Indikasinya, netizen Indonesia cenderung mudah untuk terpapar disinformasi (informasi yang sengaja disebarkan dengan tujuan menipu) maupun misinformasi (informasi tidak akurat yang bisa tersebar karena ketidaksengajaan).
Kebijakan jurnalistik
Sebuah informasi dianggap kredibel apabila dipaparkan oleh sumber yang kompeten. Misalnya, penjelasan mendalam mengenai penyebab dan cara mengatasi suatu penyakit akan lebih dapat diandalkan jika dijelaskan oleh seseorang yang berprofesi sebagai dokter, bukan pengacara.
Sama halnya dengan produk berita. Artikel berita yang ditulis oleh seorang jurnalis kompeten selayaknya dapat dipercaya dibandingkan dengan tulisan yang dimuat di blog oleh sosok tanpa kompetensi di bidang jurnalistik.

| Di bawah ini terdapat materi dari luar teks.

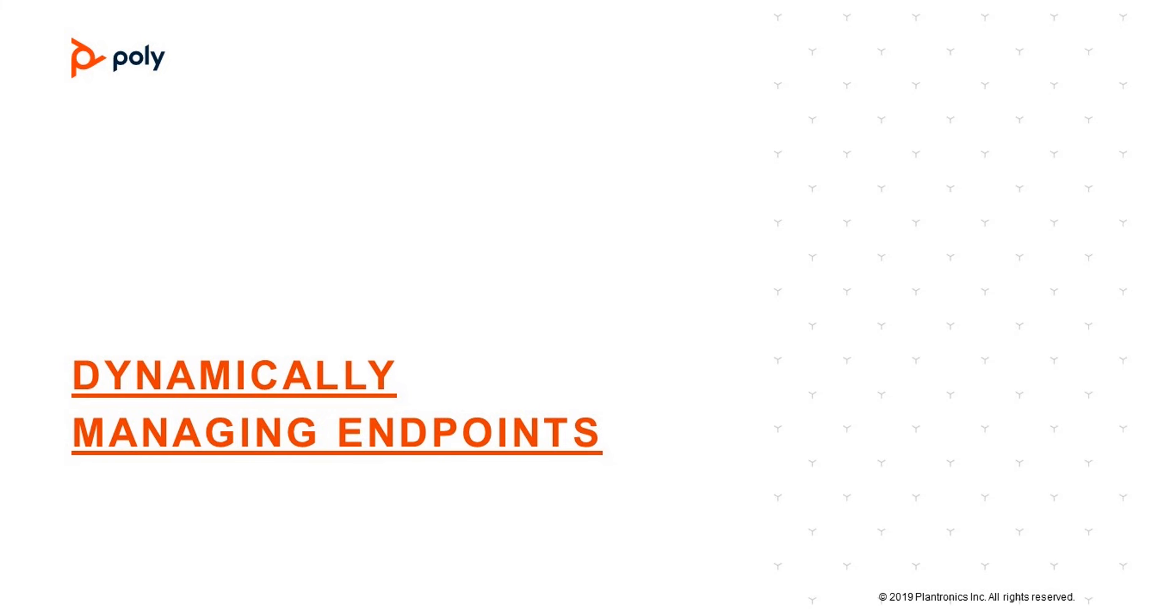In this video, we review how to dynamically manage endpoints with the Real Presence Resource Manager.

Kode Etik Jurnalistik (KEJ) diputuskan oleh Dewan Pers sejak masa setelah kemerdekaan Indonesia di tahun 1968, dengan wujud terbaru yang disahkan pada tahun 2006. KEJ berfungsi sebagai pagar penjaga bagi jurnalis untuk memproduksi dan mendistribusikan berita tanpa merugikan pihak manapun.
Kredibilitas produk berita jurnalistik diatur seperti dalam KEJ Pasal 1 dan Pasal 2. Bunyi dari Pasal 1 adalah "Jurnalis Indonesia bersikap independen, menghasilkan berita yang akurat, berimbang, dan tidak beritikad buruk." dengan penafsiran pada poin B yaitu "Akurat berarti dipercaya benar sesuai keadaan objektif ketika peristiwa terjadi.". Pasal 2 berbunyi "Jurnalis Indonesia menempuh cara-cara yang profesional dalam melaksanakan tugas jurnalistik." dengan penafsiran cara-cara profesional pada poin G yaitu "tidak melakukan plagiat, termasuk menyatakan hasil liputan jurnalis lain sebagai karya sendiri;".
Selain KEJ, Dewan Pers (2012) telah mengeluarkan Pedoman Pemberitaan Media Siber (PPMS), khusus mengenai kebijakan terhadap publikasi berita di media online.
Dalam pedoman tersebut, perihal kredibilitas tertuang pada poin 2 yakni "Verifikasi dan keberimbangan berita". Inti dari poin tersebut adalah bahwa sebuah berita harus memiliki sumber yang kredibel dan kompeten.
Kedua kebijakan di atas menunjukkan bahwa sebuah produk berita semestinya bersifat akurat dan terhindar dari plagiarisme.
Studi kasus akurasi berita
Jurnal "Ada Apa Dengan Media Siber?" oleh Bangun (2018) menceritakan mengenai media berita online yang diadukan ke Dewan Pers yang terbagi dalam dua pengelompokkan -- media mainstream bereputasi, memiliki badan hukum Indonesia, serta dikelola oleh jurnalis bersertifikat yang telah menerapkan standar dari Dewan Pers dan media baru yang belum berbadan hukum, tidak dikelola oleh jurnalis utama, serta pengelolaan redaksi tidak sesuai standar.